Last Friday at Aurora High, undefeated Cuyahoga Heights, the top seed in Division V Region 17, stunned the Irish and their followers by racing to a 28-14 lead.

“We weren’t really worried a lot,” senior tailback Allen Jones said after Redskins quarterback Zach D’Orazio (a University of Akron recruit), dominated the first two quarters.

“We’ve played adversity all year long with officials, games we didn’t finish,” Jones said. “We just came out focused on getting back into the game.

“Our first half was kind of sloppy but in the second half we picked it up,” Jones said.

And then some. The Irish (9-3) outscored the Redskins 33-0 in the second half, scoring five unanswered touchdowns for a 47-28 rout.

Ursuline’s reward is tonight’s state semifinal contest against another unbeaten team — West Lafayette Ridgewood. They’ll meet at Canton Central Catholic’s Lowell Klinefelter Stadium.

“They are a very good football team,” said Ursuline coach Dan Reardon of the Generals (13-0). “Obviously, you don’t get to this point unless you know how to win, how to do the little things well.”

In 2007, their first season in Div. V, the Irish lost to Maria Stein Marion Local, 20-14, in the championship game.

Last year, the Irish roared back to dominate and capped a 15-0 season with a 21-0 victory over Findlay Liberty-Benton for the school’s second state crown. The Irish won Div. IV in 2000.

Reardon doesn’t want his players looking ahead.

“They have a lot of good football players,” Reardon said of the Generals. “I was comparing their all-district team to ours. They had 11 kids mentioned whereas we only had 10.

“Obviously, they have a lot of talented football players.”

So do the Irish who are competing for their third straight state final appearance.

Stopping Jones will be the key for the Generals to have a chance. The Irish captain has rushed for 2,006 yards on 243 carries and scored 27 touchdowns in 12 games.

Reardon said the Generals’ Jake Conrad also has rushed for 2,000 yards in his 13 games.

“Conrad was their district player of the year,” Reardon said. “He’s very deserving of that honor.”

Irish running back Akise Teague has 434 yards on 52 carries and has scored three touchdowns. Quarterback Paul Kempe has completed 90 of his 165 passes for 1,621 yards and 13 scores. He’s been picked off eight times.

Kempe’s favorite targets are Teague (32 catches, 779 yards, five touchdowns) and Chris Collins (27 receptions, 428 yards, four scores).

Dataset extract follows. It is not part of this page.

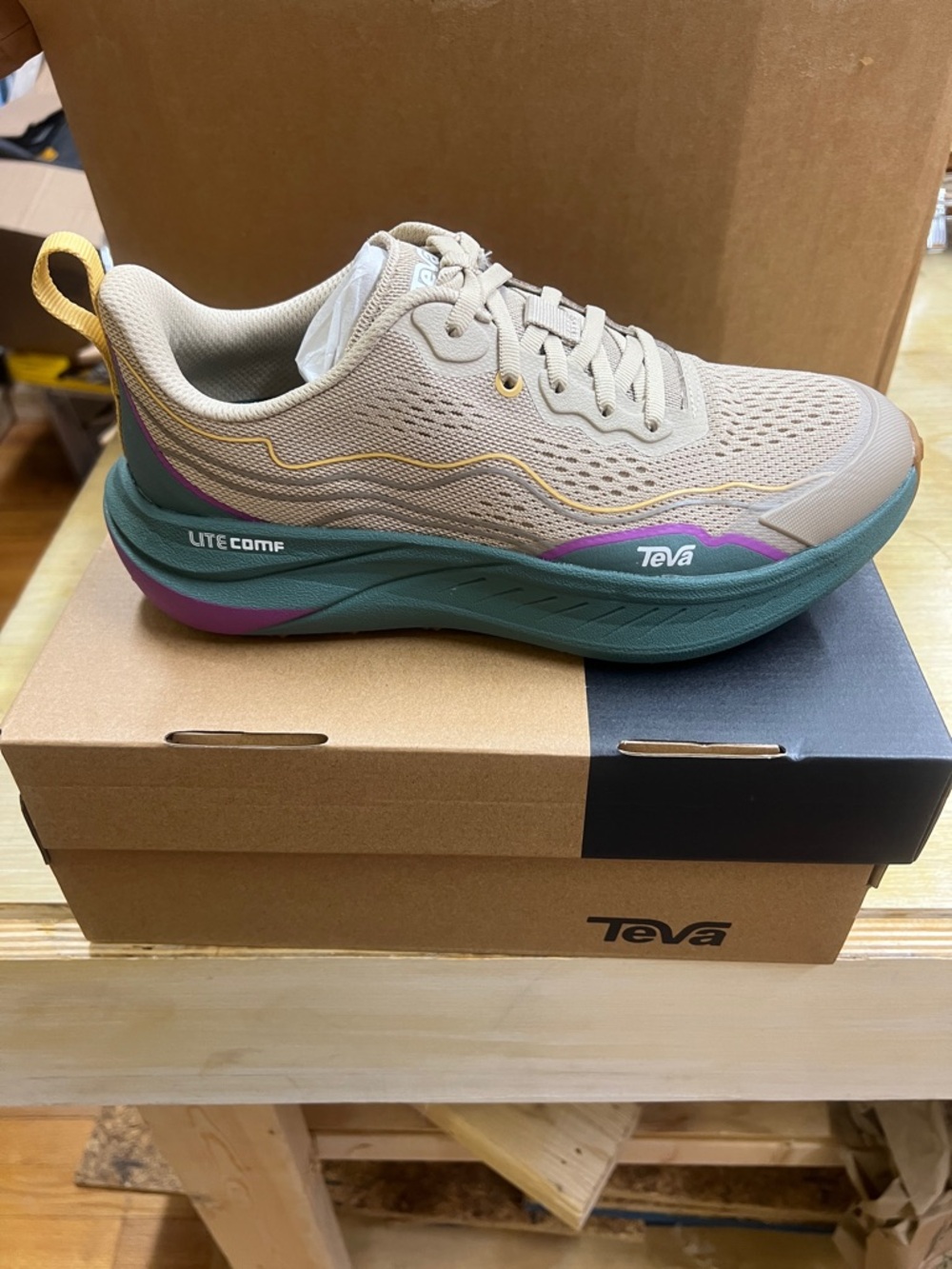 NWT Teva Women's Trailwinder Low- Beige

“On defense,” said Reardon of the Generals, “they fly around and bring passion to their game. They are very good at the scheme that they run. Rarely, do you see anybody out of place.

“They are a very dangerous football team,” Reardon said. “If you look at the past two weeks, both games were very close games and they found ways to win them.

“Teams like that have all the intangibles. Certainly they show character in how they play and the leadership that their kids bring.”

Center David Rossi, a senior and only fulltime starter back from last year, said Ursuline’s 1-2 start gave them something to overcome early.

“We were a young team and we really just had to find our own identity,” Rossi said. “It took us a while.”

Rossi feels the team began to gel midway through the season.

“We knew from the beginning we had something special but we knew from the St. Thomas game that everything was starting to click,” Rossi said.

A 27-22 loss to Mooney in Week 9 energized the Irish for a long playoff run.

Jones said this regional title is the best for this year’s seniors.

“We didn’t want to go out on a bad note,” Jones said. “We all looked at each other in our eyes and said that we had [to play hard] or be remembered as a team that didn’t go far.”